Selling Sekhemka

Who the hell is Sekhemka? He was an Egyptian scribe who lived about 4500 years ago. A statue of him was gifted to the Northampton Museum in the 19th Century by Lord Northampton, in classic British tradition of stealing other people’s relics.

Now, however, the museum has put the statue up for auction for funds. It sold for a whopping £15.76 million - of which £6 million is going to the current Lord Northampton.

Alan Moore, the writer of Watchmen, has called the selling “catastrophic” and said "“I’ve donated things to the museum. But I would not be able to do that again in the knowledge that at some point in the future that gifts, made in good faith, could be sold off by a council.”

The Arts Council of England has said that selling the statue could result it the museum losing accreditation, which in turn means losing grants and funding and borrowing/lending items from other museums.
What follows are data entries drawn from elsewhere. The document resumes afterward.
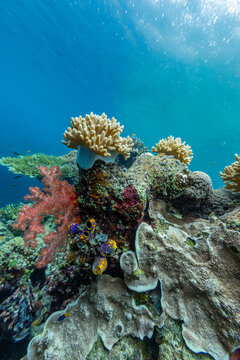 Exploring the diverse coral reefs and tropical fish in Misool, Raja Ampat, Papua, Indonesia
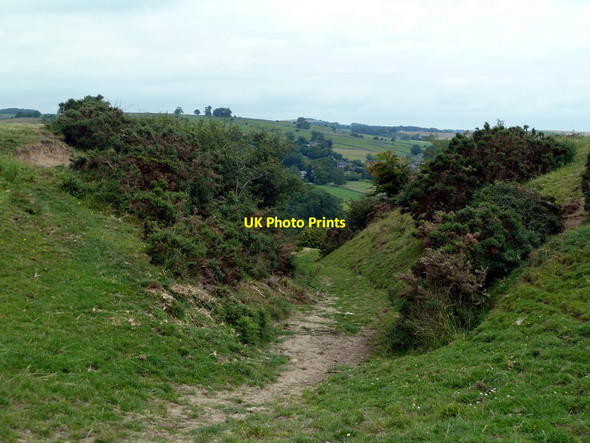 Photo 6"x4" Hollow way footpath Hartington c2011
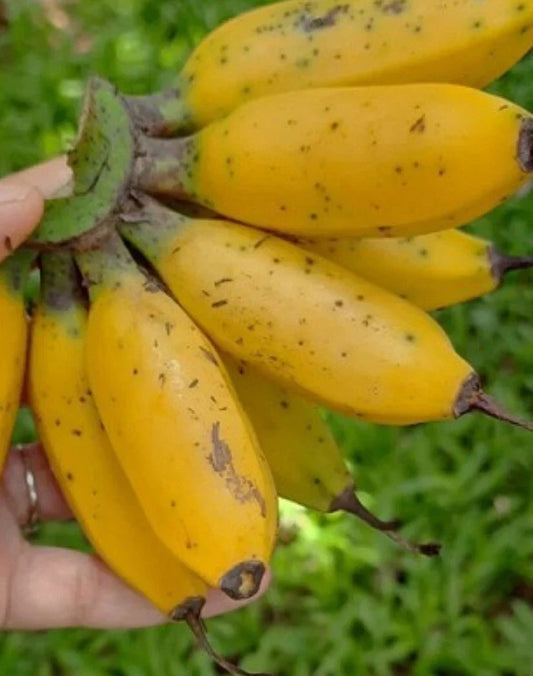 Live Musa Banana Plant Starter – Miniature Tropical Indoor Plant – Musa spp. – Compact, Easy-Care, Decorative Foliage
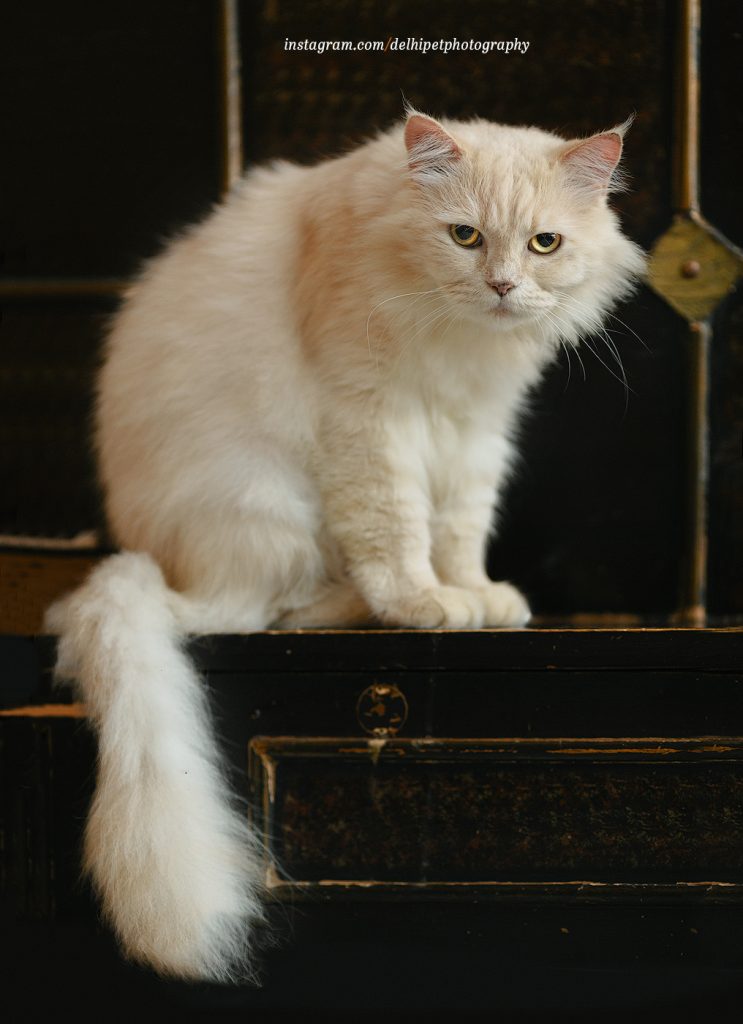 A beautiful white Persian cat sitting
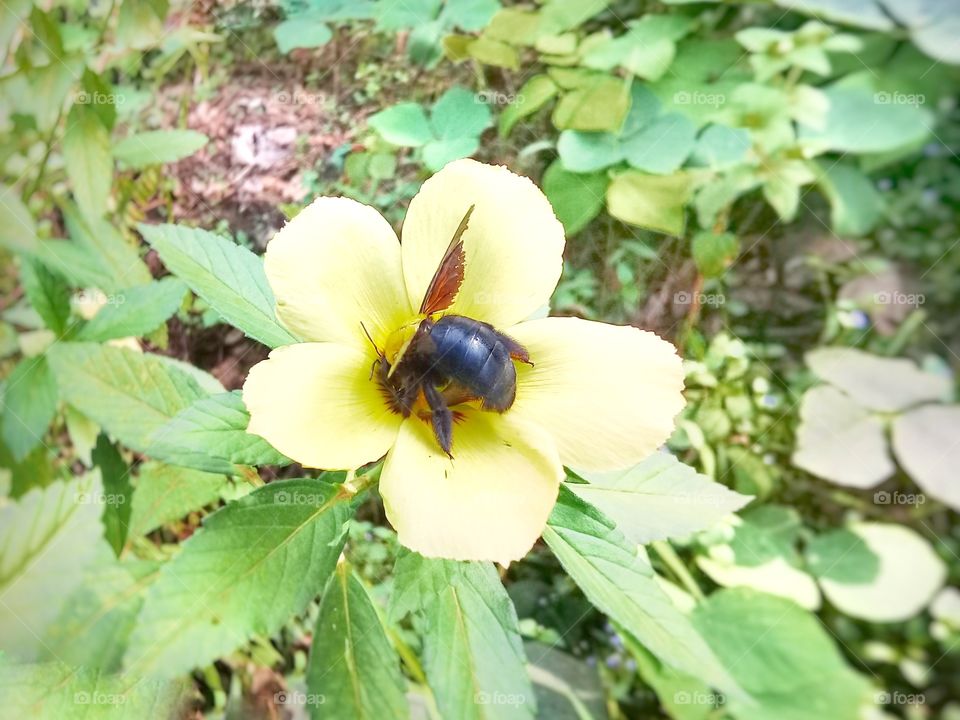 The beetle is sucking turnera subulata flower extract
Protesters say that as it was gifted to the museum, that’s where it belongs for public viewing.

The Egyptians are livid that the museum considers a piece of their history fit to sell to private bidders - the Egyptian ambassador calling selling it “an abuse to the Egyptian archaeology and the cultural property” and adding “A museum should not be a store. Sekhemka belongs to Egypt and if Northampton Borough Council does not want it then it must be given back.”
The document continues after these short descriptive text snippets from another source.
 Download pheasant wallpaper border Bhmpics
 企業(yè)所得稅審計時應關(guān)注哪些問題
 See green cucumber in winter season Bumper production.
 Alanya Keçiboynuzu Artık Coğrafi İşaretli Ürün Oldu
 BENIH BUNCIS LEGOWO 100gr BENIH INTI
The museum says that it having had the statue in their possession for over a hundred years, during the past four years it has been in storage and the funds will be used for development and expansion of the museum.

Who’s right?

Ya know, if it has now come to the point where museum curators have lost the ability to tell right from wrong, what hope do the rest of us have? Humanity is screwed.

Look, there is no archeological data to be gained from the damned thing, it has been out of the ground and in a museum for a hundred years. If people won’t donate money to the museum, the museum is well within its rights to sell it off to get the money. Just like if it had a Van Gogh painting, it is free to sell it off if they need the money.
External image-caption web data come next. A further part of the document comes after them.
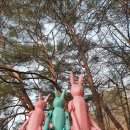 해금(중급) 이미지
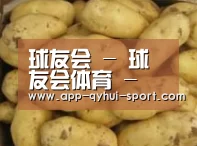 产品展示标题6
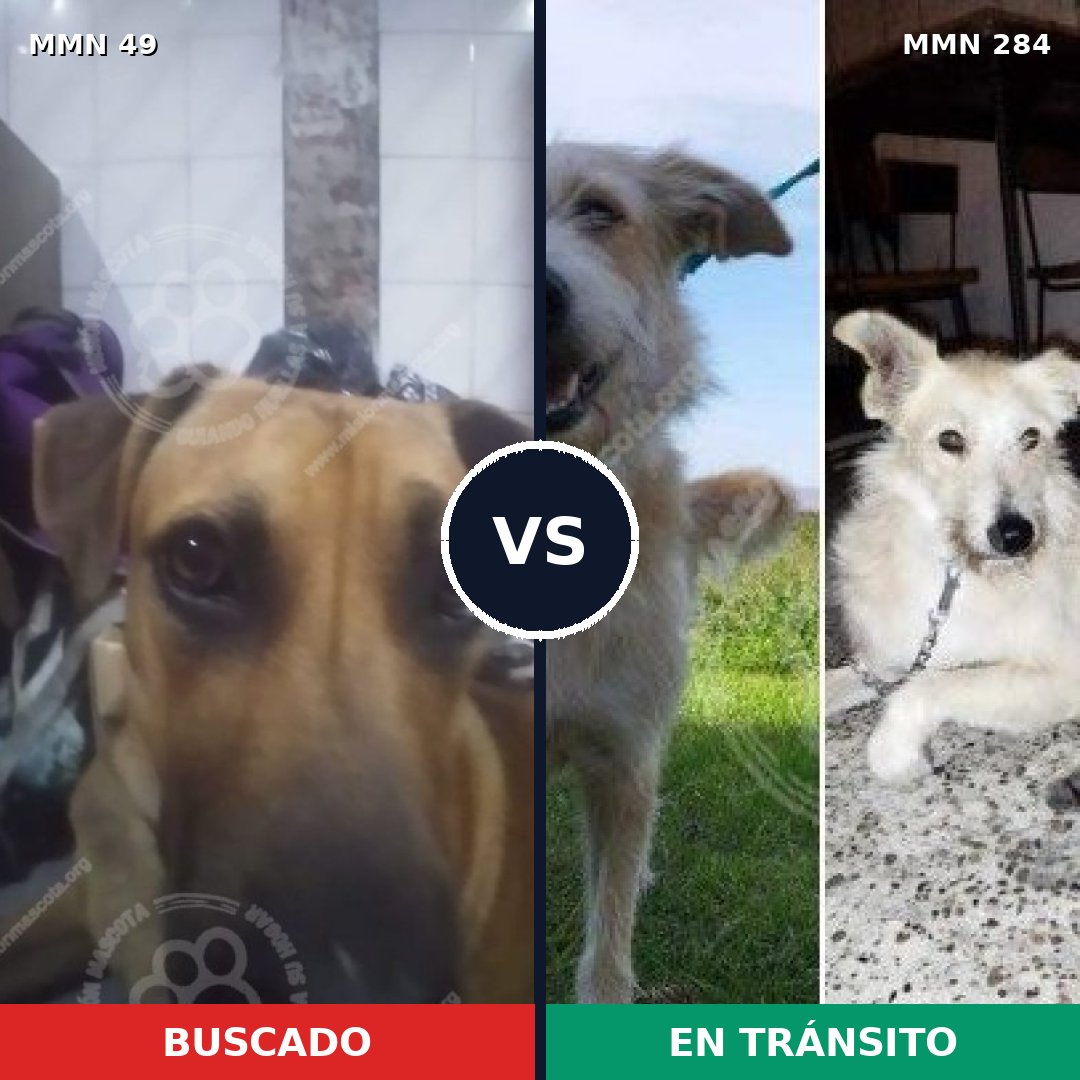Comparativa MMS 1968: mascota perdida y mascota encontrada, 57% de similitud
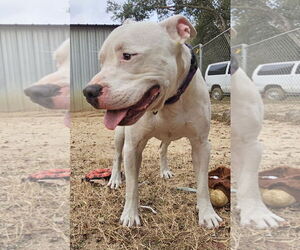 American Pit Bull Terrier Dogs for adoption in Melrose, FL, USA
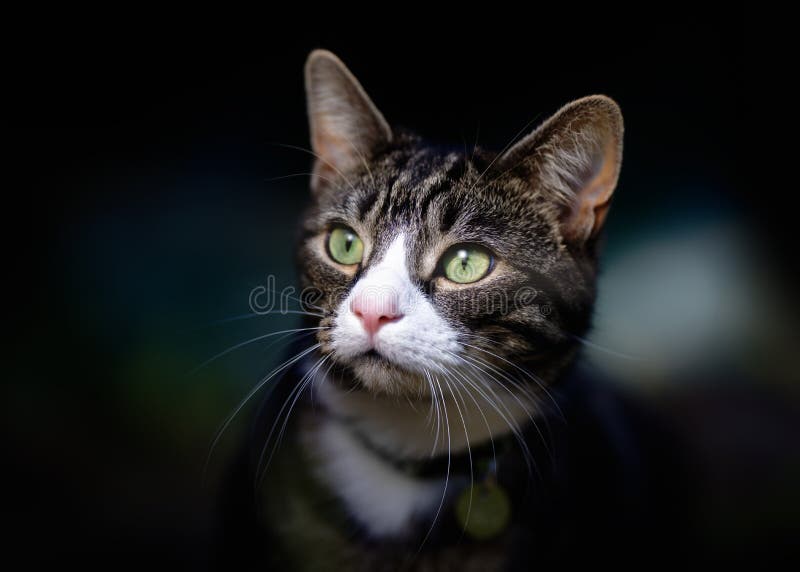 Πορτρέτο της όμορφης νέας τιγρέ γάτας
I do deplore the private market that buys antiquities from disreputable sources, but buying something known from a museum? I don’t see what is chapping peoples asses. Same with the marbles from the Parthenon, the legal government in control sold them of. So sad that the current government of Greece isn’t the same one, but tough fucking shit. Same with the stuff that was legally removed from Egypt in the past, sucks to be you that in 1923 the laws were different, but the stuff was shipped to Europe and the US legally. If the current owners want to donate it back to Egypt, that is one thing, but trying to force it sucks.